On Sunday 26th May, Vittles editor Rebecca May Johnson will also be chairing a panel on the link between food and emotion, and how grief and loss shape and transform our relationships with food, eating, and the ways we cook. Rebecca will be in conversation with chefs Marie Mitchell, Daniel Galmiche, and the author Bee Wilson. Tickets are also £5 and can be bought here.
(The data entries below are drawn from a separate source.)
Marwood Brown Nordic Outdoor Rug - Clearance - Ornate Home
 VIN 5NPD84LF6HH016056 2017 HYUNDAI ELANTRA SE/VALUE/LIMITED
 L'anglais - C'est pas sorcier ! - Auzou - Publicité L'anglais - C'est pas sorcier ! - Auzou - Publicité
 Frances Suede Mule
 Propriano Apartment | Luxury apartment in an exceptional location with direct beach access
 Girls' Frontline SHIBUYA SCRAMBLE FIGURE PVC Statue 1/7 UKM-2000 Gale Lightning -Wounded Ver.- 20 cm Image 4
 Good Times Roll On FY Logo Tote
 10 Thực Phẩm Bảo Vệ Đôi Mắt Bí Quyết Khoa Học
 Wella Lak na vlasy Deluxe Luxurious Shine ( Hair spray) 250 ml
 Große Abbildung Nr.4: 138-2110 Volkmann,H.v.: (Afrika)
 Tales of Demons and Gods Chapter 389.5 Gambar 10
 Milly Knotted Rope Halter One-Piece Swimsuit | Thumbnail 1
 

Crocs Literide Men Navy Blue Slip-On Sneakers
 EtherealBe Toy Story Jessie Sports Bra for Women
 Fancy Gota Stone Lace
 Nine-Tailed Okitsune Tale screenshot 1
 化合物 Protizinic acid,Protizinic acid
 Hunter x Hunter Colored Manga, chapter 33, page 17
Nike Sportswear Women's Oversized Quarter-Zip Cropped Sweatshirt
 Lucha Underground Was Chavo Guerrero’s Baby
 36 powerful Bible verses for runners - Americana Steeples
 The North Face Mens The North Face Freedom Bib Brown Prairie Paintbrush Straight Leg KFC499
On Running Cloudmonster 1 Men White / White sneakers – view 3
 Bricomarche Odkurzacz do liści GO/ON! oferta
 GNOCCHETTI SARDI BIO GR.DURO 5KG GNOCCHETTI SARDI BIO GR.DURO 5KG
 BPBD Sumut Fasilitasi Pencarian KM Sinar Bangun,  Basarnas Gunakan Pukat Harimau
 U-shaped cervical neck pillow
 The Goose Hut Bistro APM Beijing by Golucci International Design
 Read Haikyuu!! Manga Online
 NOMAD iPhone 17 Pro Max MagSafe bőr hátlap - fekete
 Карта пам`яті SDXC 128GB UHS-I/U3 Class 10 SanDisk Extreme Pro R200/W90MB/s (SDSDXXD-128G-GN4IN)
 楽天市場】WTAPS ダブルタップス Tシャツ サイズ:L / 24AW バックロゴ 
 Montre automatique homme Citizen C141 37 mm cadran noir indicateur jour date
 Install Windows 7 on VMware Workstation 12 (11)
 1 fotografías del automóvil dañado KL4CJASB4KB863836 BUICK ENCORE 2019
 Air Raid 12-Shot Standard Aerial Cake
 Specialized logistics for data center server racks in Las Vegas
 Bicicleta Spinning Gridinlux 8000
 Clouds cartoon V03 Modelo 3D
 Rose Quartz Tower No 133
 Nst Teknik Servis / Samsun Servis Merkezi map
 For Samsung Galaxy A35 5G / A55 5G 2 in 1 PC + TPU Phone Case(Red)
Vittles Reviews is a column dedicated to critical reviews of London restaurants, written by Jonathan Nunn. You can read all the previous reviews here.
Almost There
The life and afterlife of three tiny Malaysian restaurants in Peckham, by Jonathan Nunn
Like pizza in New York and tacos in Los Angeles, fried chicken is the indigenous London food that originated somewhere else. If you live in London, I can make a safe assumption that you’re familiar with the fried chicken styles and preparations of five continents. You’ve probably tried the Dominican-style pica pollo at La Barra in Elephant and Castle, a dish decorated with tostones, chicharron and bofes, a kind of jerky made from lungs, or had a takeaway from The Bread of Life Bakery in Camberwell, where the Jamaican fried chicken is so good it makes you wonder what KFC have been playing at all this time. You’ve most likely compared notes on the Korean fried chicken in New Malden: how the sweet, soy coating of the dakgangjeong at Chick and Beers tastes like those cornflake and golden syrup cakes from your childhood, or how the honey-butter chicken at Tongdak is glazed to resemble a thigh-shaped Werther’s Original. I wouldn’t even be surprised if you’d had the chicken wings at Fowl, served in a fake chicken shop box and paired with a glass of blanc-de-blancs, or the pine-salt-fried chicken at the two-Michelin-starred Clove Club, a dish so perfectly on the nose as a synecdoche of London fine dining that they’ve been unable to take it off the menu for 11 years.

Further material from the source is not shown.